The report, Canada’s lobbyist registries: What can they tell investors about corporate lobbying?, finds that federal and provincial lobbyist registries suffer from a number of deficiencies that undermine their usefulness.
Among other things, the report notes that:
> lobbying information is dispersed among numerous registries, rather than consolidated in any central source;
> the quality and quantity of information provided differs widely among registries; and
> the disclosure investors receive often ends up being incomplete.
The report evaluates the various government lobbyist registries in Canada on investor-driven criteria, such as the accessibility, transparency, and comprehensiveness. According to the report, most registries scored between two and six and a half out of a possible 11 points.
“Registries generally received high marks for accessibility, but low marks for transparency of compensation and expenses, transparency of communications, and disclosure of participants,” the report says. Registries also “varied in terms of reporting thresholds and transparency of lobbying activities,” the report adds.

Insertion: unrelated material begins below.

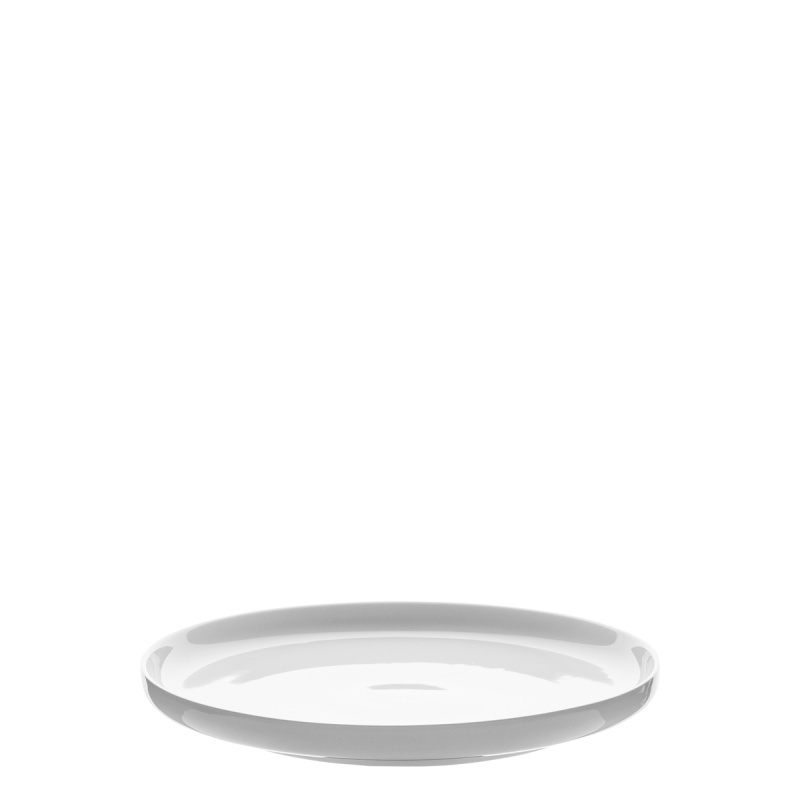 Assiette à dessert Coupe blanc 20 cm – Flow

The highest-scoring lobbyists registries were those of Quebec (6.5 points), the federal government registry (5.5 points), and Ontario (five points). The others scored between two and four points out of a possible 11, the report says. And, there are notable gaps in all of Canada’s lobbyist registries that undermine the transparency of lobbying activity, the report notes.
“A serious shortcoming among Canada’s lobbyist registries is that only some types of activity intended to influence public officials need to be registered as lobbying,” the report says. “For instance, registries do not consistently take into account ‘grassroots lobbying’ (lobbying that involves appealing to members of the public to communicate a certain position on an issue to public office holders).”

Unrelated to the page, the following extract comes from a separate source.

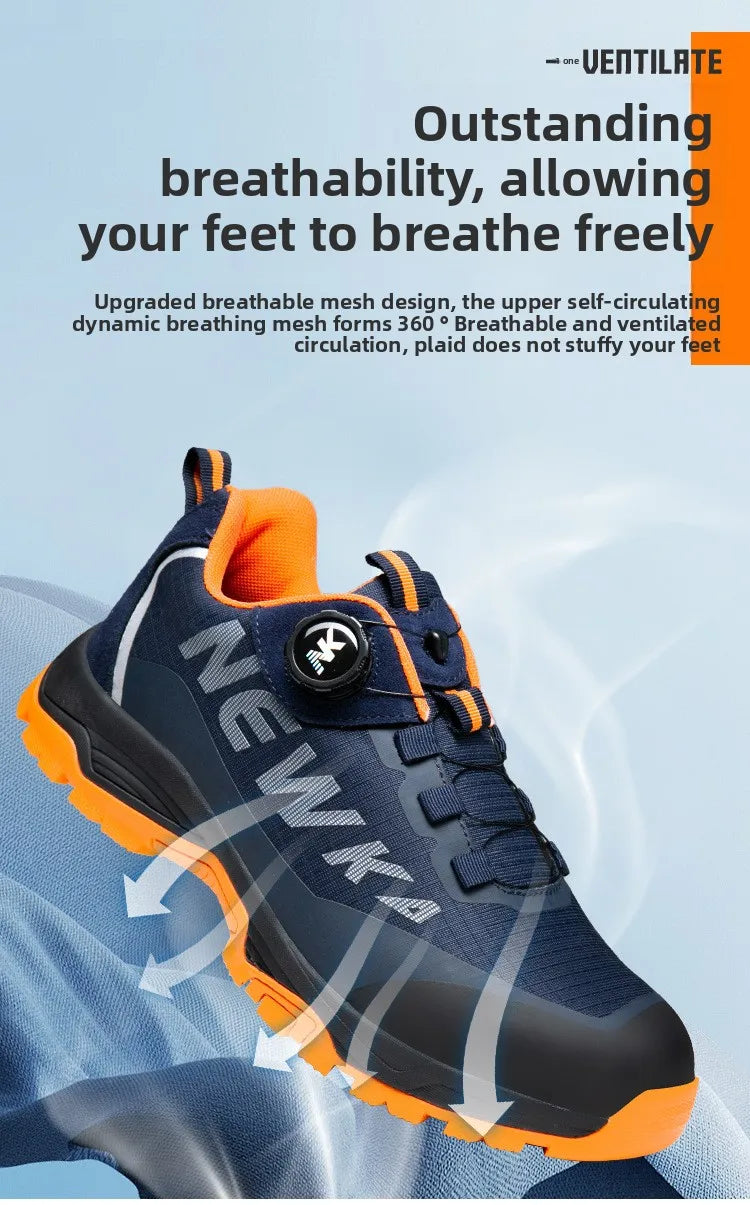 Labor Protection Shoes Anti Smashing AntiStabbingAnti Slip Protection Steel ToeShoes Wear-resistantShoes Men's Safety Work Shoes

Additionally, various forms of communications, and lobbying by certain types of non-profits, may be excluded from registry reporting, and the thresholds for the amount of time spent on lobbying activities that triggers a requirement to register may also be set too high, the report says.
“While the number of lobbyist registries in Canada has grown, and in some cases the scope of disclosure has expanded, considerable room for improvement remains,” the report concludes.
The report sets out recommendations to enhance the transparency and utility of lobbyist registries in Canada.
Among other things, it calls on policymakers to re-evaluate thresholds for lobbyist registration; to require disclosure of lobbyists’ expenses and compensation; to increase the transparency of the content of lobbying; and to expand reporting requirements. At the same time, it says that public companies should report to shareholders on their lobbying activity.
“As shareholder requests for disclosures along these lines increase in Canada, both investors and companies alike will need to understand the limits of public lobbyist registries, and advocate for strategies to address any significant gaps in reporting,” it concludes.